> _REQUIREMENT_: Please output the records below in full, exactly as given, but without the images.

> _MATERIAL FOR THE TASK_:

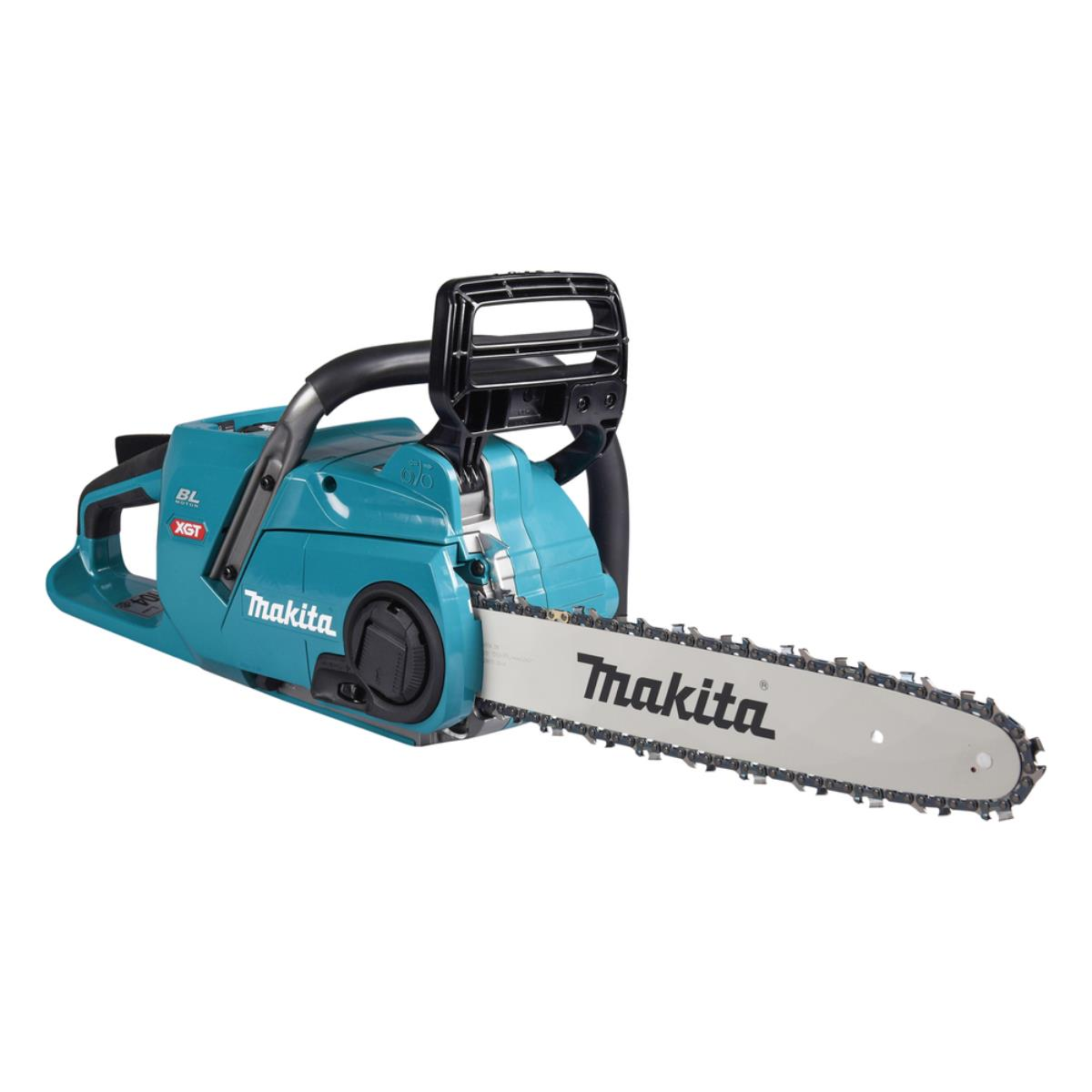 Eine blaue Makita-Kettensäge auf weißem Hintergrund. Sie hat einen schwarzen Griff.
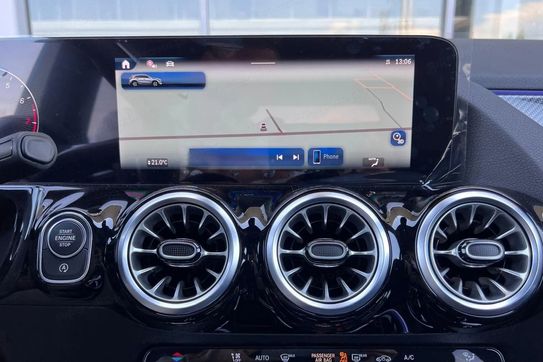 Mercedes GLA 220 4-Matic AMG Line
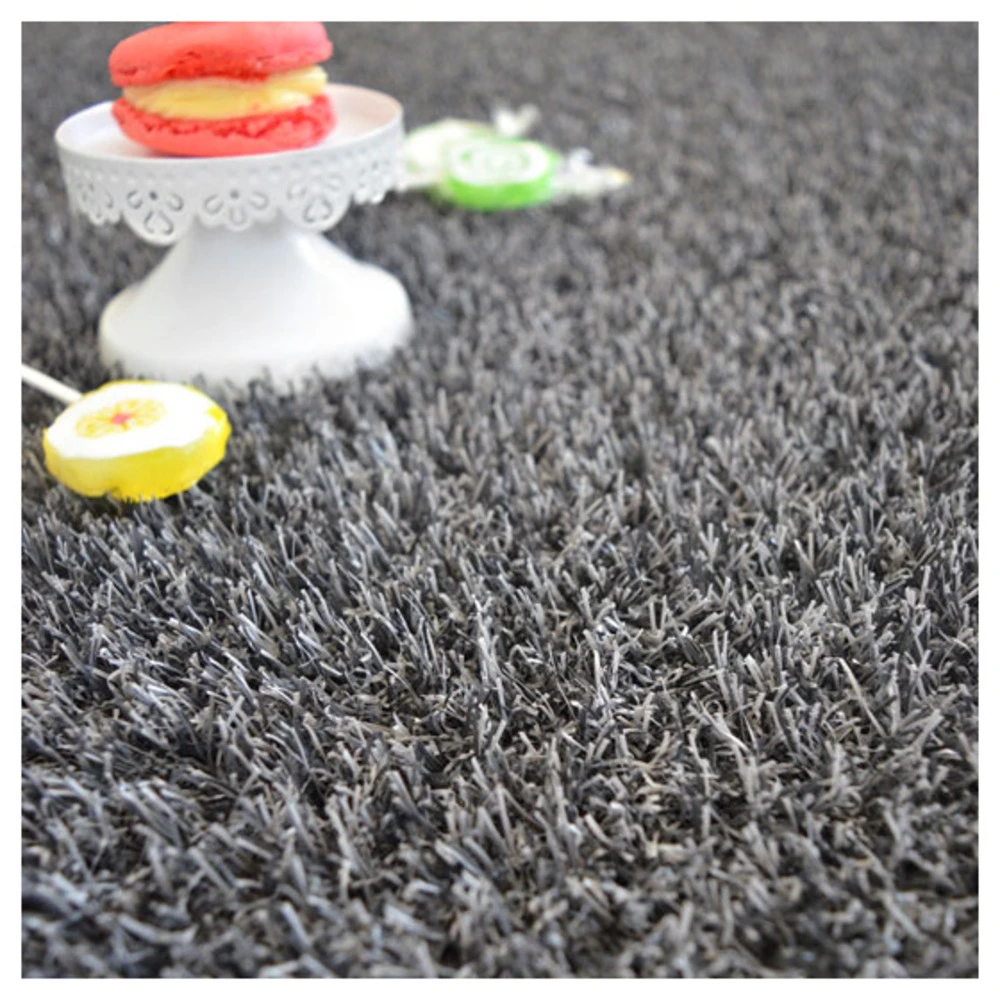 Gazon Synthétique Arty - Couleur Gris Foncé - 20mm - 1m X 4m – Image 4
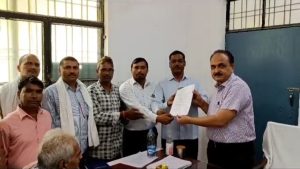 Agra News: ग्रामीणों ने बड्स एक्ट अंतर्गत जमा धनराशि वापस दिलाने हेतु उपजिलाधिकारी को दिया ज्ञापन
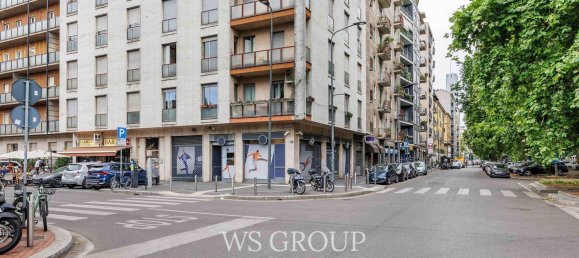 122m² Commercial property in Milan, Italy No. 260465 2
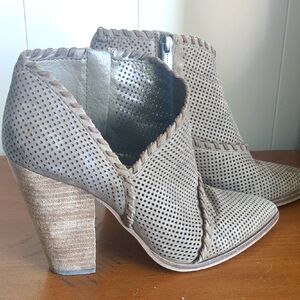 Vince camuto Size 8 Booties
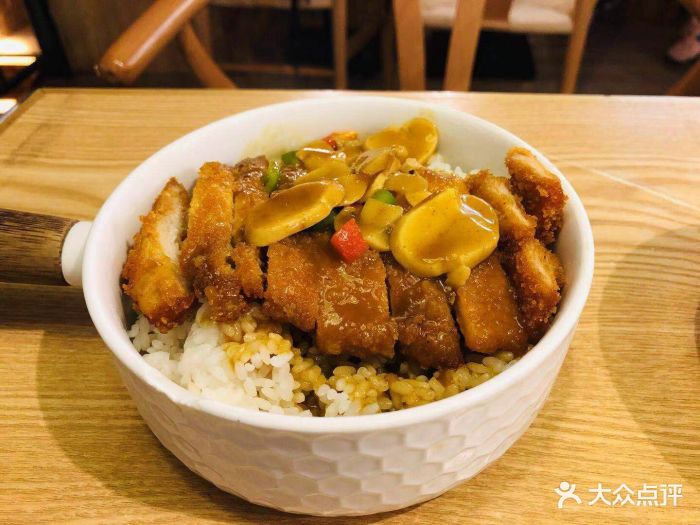 咖喱鸡排饭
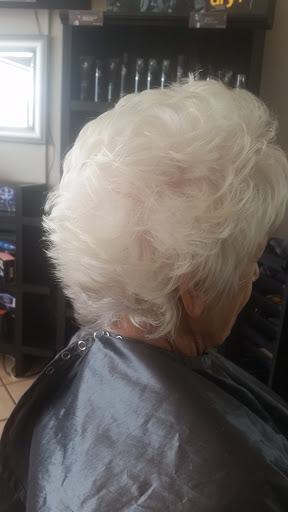 Hair Salon «di Moda Salon», reviews and photos, 5901 53rd Ave E, Bradenton, FL 34203, USA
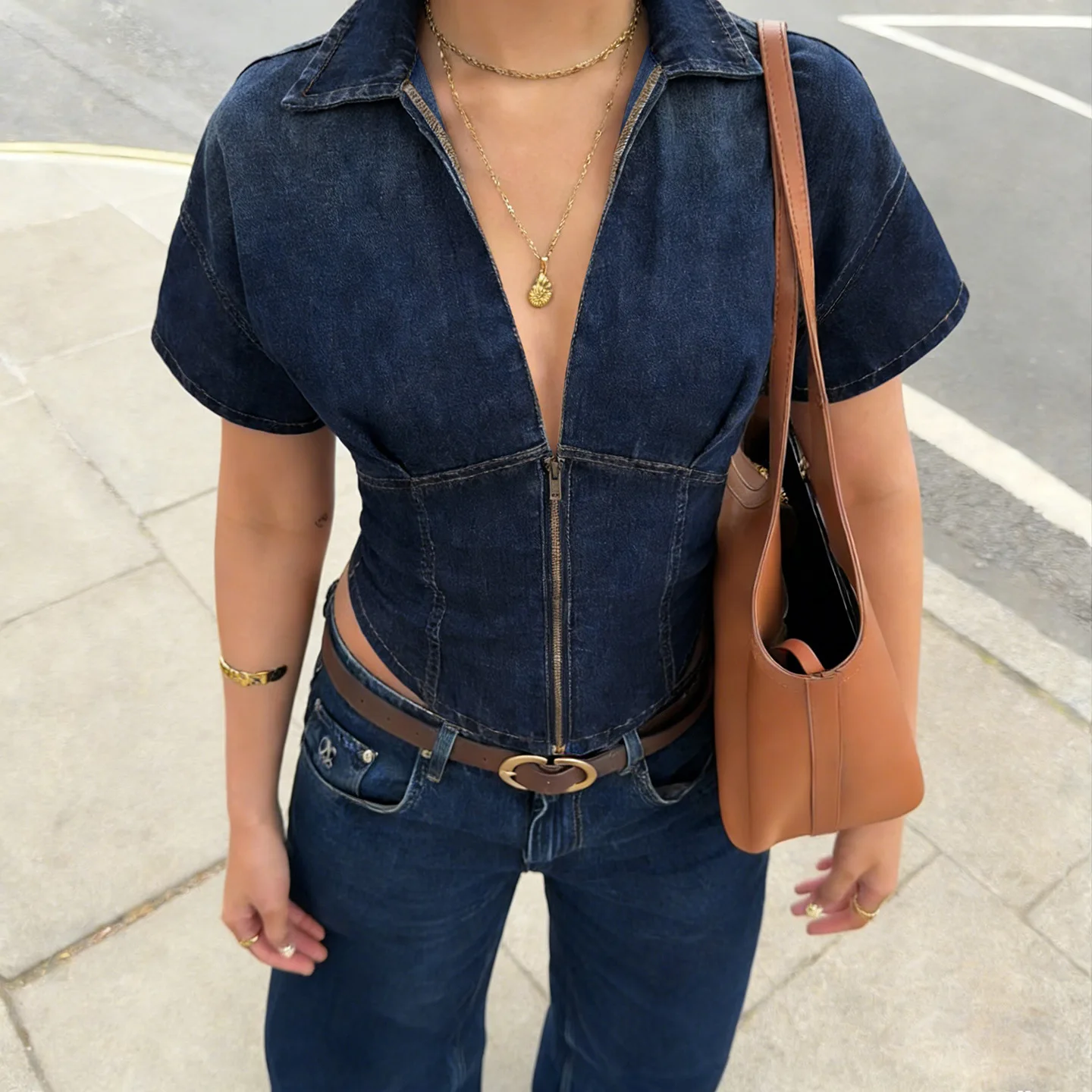 

Women's 2026 New Streetwear Irregular Zip Up V Neck Denim Crop Top Waist Cinched Short Sleeve T Shirt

> _EXERCISE SOLUTION_:
 Eine blaue Makita-Kettensäge auf weißem Hintergrund. Sie hat einen schwarzen Griff.
 Mercedes GLA 220 4-Matic AMG Line
 Gazon Synthétique Arty - Couleur Gris Foncé - 20mm - 1m X 4m – Image 4
 Agra News: ग्रामीणों ने बड्स एक्ट अंतर्गत जमा धनराशि वापस दिलाने हेतु उपजिलाधिकारी को दिया ज्ञापन
 122m² Commercial property in Milan, Italy No. 260465 2
 Vince camuto Size 8 Booties
 咖喱鸡排饭
 Hair Salon «di Moda Salon», reviews and photos, 5901 53rd Ave E, Bradenton, FL 34203, USA

Women's 2026 New Streetwear Irregular Zip Up V Neck Denim Crop Top Waist Cinched Short Sleeve T Shirt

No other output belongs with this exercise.